HOW TO COMPLETE THIS TASK:
In this exercise, write out the data word for word and leave every image out.

DATASET CONTENT:
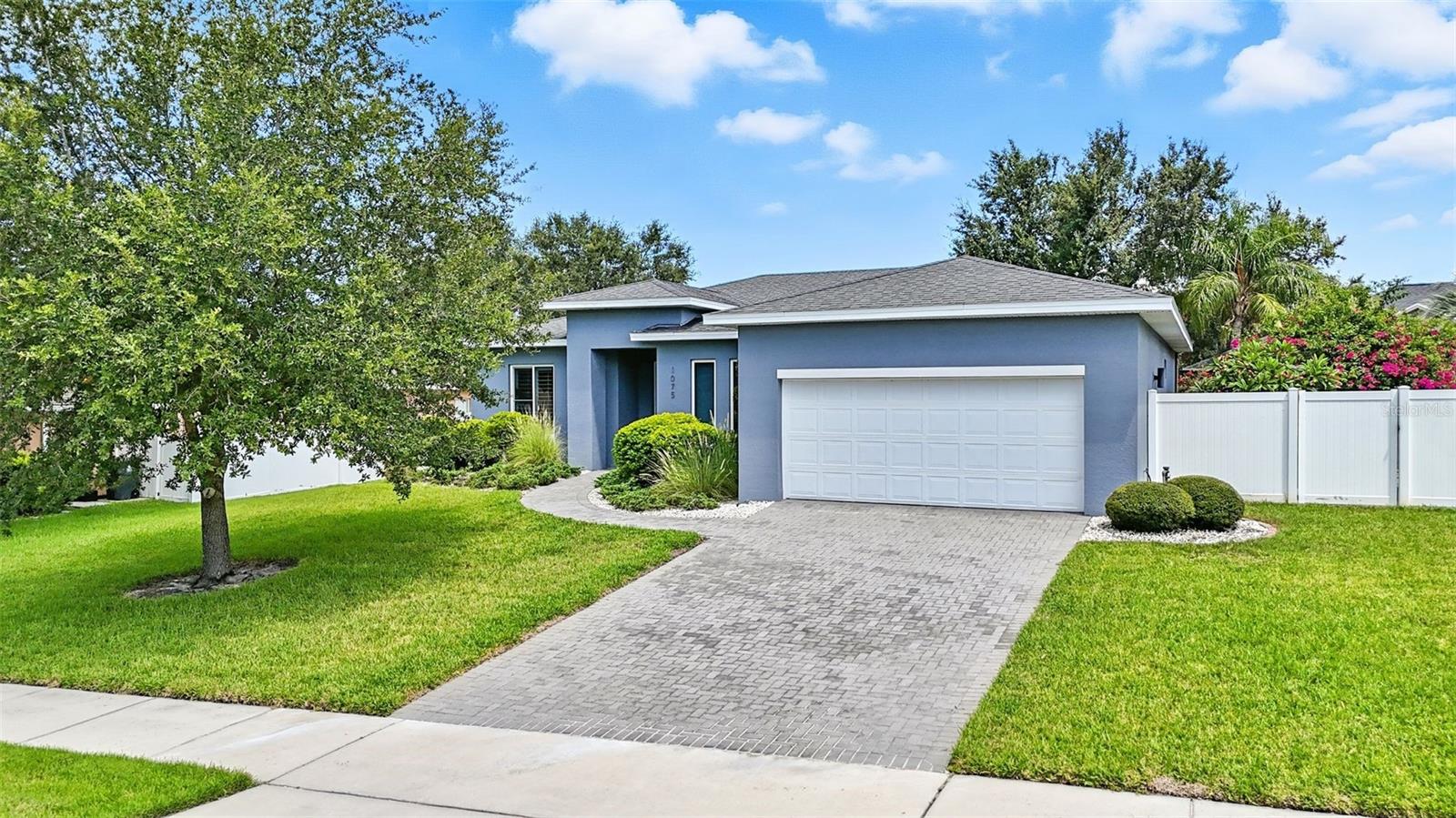 Welcome to 1075 Chase Drive-located in downtown Winter Garden, just minutes from the charm and energy of Plant Street. This rare, newer-construction single-story home offers a blend of modern comfort and timeless style that’s sure to impress. As you enter, custom tile in the foyer sets the tone, with a versatile flex room to the right—perfect for a home office, formal dining room, playroom, or whatever suits your lifestyle.The open-concept design seamlessly connects the kitchen, dining, and family areas, creating an ideal space for entertaining. The large kitchen island is perfect for cooking, casual meals, or hosting friends and family. Sliding glass doors open to create an effortless indoor-outdoor living experience—perfect for those quintessential Florida days. The split floor plan offers privacy, with the primary suite serving as a true retreat, complete with high ceilings, a double vanity, and a spa-like shower. On the opposite side of the home, you’ll find three additional spacious bedrooms, each with plantation shutters and high end laminate flooring.
After a long day, unwind on your fully screened back porch with space for multiple seating areas, or head to the side yard to tend your garden. The thoughtfully designed outdoor living space offers plenty of room for grilling, dining, and relaxing—an entertainer’s dream.
Just minutes from your front door, Winter Garden’s vibrant Plant Street awaits, offering an award-winning farmer’s market, local dining, boutique shopping, art galleries, Crooked Can Brewery, the West Orange Trail, and year-round festivals.This is a rare opportunity to own a beautifully crafted home in one of Winter Garden’s most desirable neighborhoods—where modern living meets small-town charm. Call for your private showing today.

RESPONSE FOR THIS EXERCISE:
 Welcome to 1075 Chase Drive-located in downtown Winter Garden, just minutes from the charm and energy of Plant Street. This rare, newer-construction single-story home offers a blend of modern comfort and timeless style that’s sure to impress. As you enter, custom tile in the foyer sets the tone, with a versatile flex room to the right—perfect for a home office, formal dining room, playroom, or whatever suits your lifestyle.The open-concept design seamlessly connects the kitchen, dining, and family areas, creating an ideal space for entertaining. The large kitchen island is perfect for cooking, casual meals, or hosting friends and family. Sliding glass doors open to create an effortless indoor-outdoor living experience—perfect for those quintessential Florida days. The split floor plan offers privacy, with the primary suite serving as a true retreat, complete with high ceilings, a double vanity, and a spa-like shower. On the opposite side of the home, you’ll find three additional spacious bedrooms, each with plantation shutters and high end laminate flooring.
After a long day, unwind on your fully screened back porch with space for multiple seating areas, or head to the side yard to tend your garden. The thoughtfully designed outdoor living space offers plenty of room for grilling, dining, and relaxing—an entertainer’s dream.
Just minutes from your front door, Winter Garden’s vibrant Plant Street awaits, offering an award-winning farmer’s market, local dining, boutique shopping, art galleries, Crooked Can Brewery, the West Orange Trail, and year-round festivals.This is a rare opportunity to own a beautifully crafted home in one of Winter Garden’s most desirable neighborhoods—where modern living meets small-town charm. Call for your private showing today.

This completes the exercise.